It’s a daily occurrence. A patient goes into a hospital for, say, a broken bone and then is infected by a so-called superbug that spreads easily around a hospital.
About one in every 31 hospital patients has at least one infection that they contracted in a healthcare facility on any given day, according to the U.S. Centers for Disease Control and Prevention. And many of those pathogens are resistant to antibiotic treatment, which means that the infection can progress to cause serious issues such as pneumonia or sepsis.
So how, then, can doctors treat patients who become infected by these bacteria?
That’s a question that gnawed at Edward Geisinger when he was doing infectious disease rotations during medical school. He saw many patients in critical care wards that had been infected by a bacterium called Acinetobacter baumannii, which is highly resistant to antibiotics.
“I knew it was becoming a problem, but was an understudied microbe at the time,” says Geisinger, now assistant professor of biology at Northeastern. So after he finished his medical and doctoral coursework, he began to study the bacterium in depth.
“In the clinic, it causes pneumonia associated with people on ventilators, and bloodstream infections that can progress into sepsis,” he says. “Usually it infects the sickest people in the hospital. They’re really ill, so their whole immune system is sort of struggling. And they’re also hooked up to various devices, so organisms have portals of entry.”
Little was known about A. baumannii, beyond the havoc it could wreak on patients, so Geisinger’s research initially focused on simply understanding how the bacterium could cause disease in a patient. The idea was to identify how the bacterium could evade detection by the immune system so that he could find a way to reveal it and prevent its sneak attacks.
It turns out, the bacterium can create a sort of cloaking device, which Geisinger calls a “capsule” or an “envelope.” That capsule is a sort of protective layer that allows the microbe to avoid being killed by the immune system.

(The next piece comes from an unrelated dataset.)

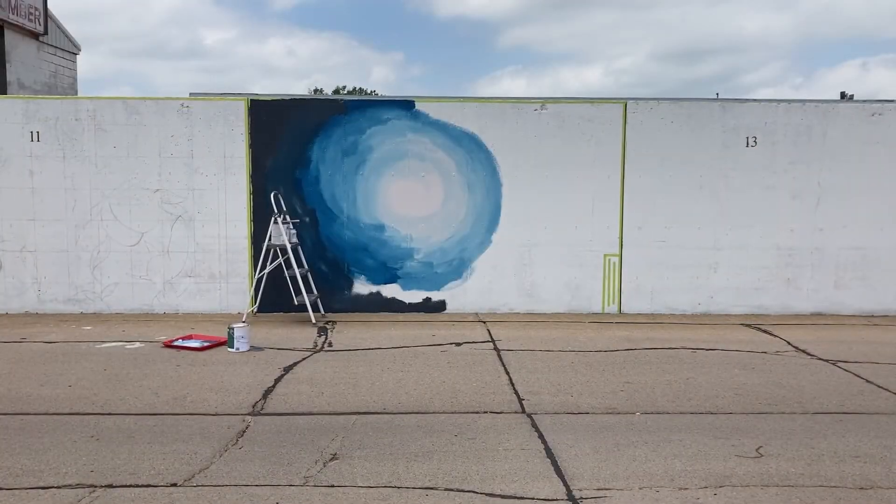I've started on the background but the wall — the concrete material that we're painting on — is very textured, very pitted. So instead of actually trying to get my actual background down, I think I'm just going to kind of prime it and do one layer of priming and coating.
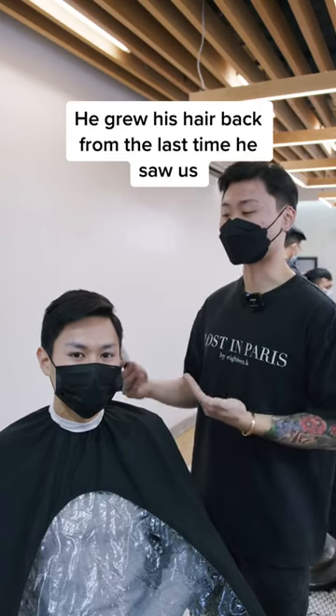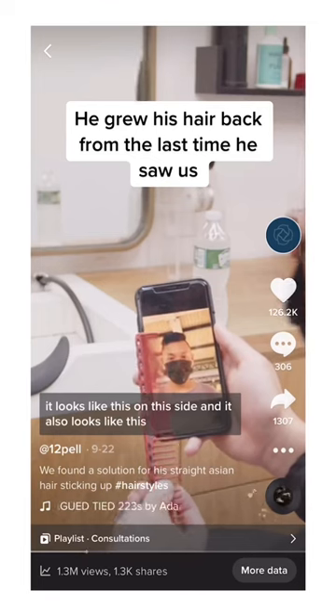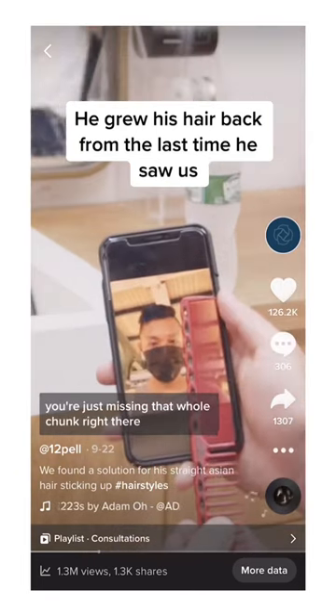All right, so we're back here with Chun. He came to us a while back, maybe sometime early September. It looks like this on this side and also looks like this — you're just missing that whole chunk right there. This is his third or fourth appointment now.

Furthermore, Geisinger’s research has revealed that when the bacterium is exposed to antibiotics, it increases the production of this capsule layer to fortify the protective envelope. He also found that the wrong antibiotics can also make the bacterium shift from being fairly tame to quite aggressive in its ability to cause disease in a mouse, as well as even more resistant to antibiotic treatment.
So what doesn’t kill A. baumannii does indeed make it stronger.
There are two proteins that Geisinger found work together to regulate the bacterium’s ability to fortify the protective envelope against the immune system, resist antibiotic treatment, and increase its ability to cause disease. Those two proteins are now where Geisinger has turned his attention, supported by a research grant his laboratory was just awarded from the National Institutes of Health.
“The organism is really dependent on these two proteins,” he says. “This is how the organism protects itself.”
Geisinger’s goal is to find a way to inhibit the role of the pair of proteins to either develop new drugs or figure out how to make current antibiotics more potent against A. baumannii.
“If we could target one of the proteins, we could kill the whole system and make the organism more vulnerable,” he says. “If we can remove that layer of defense, we could hopefully expand the arsenal of treatments against this bug.”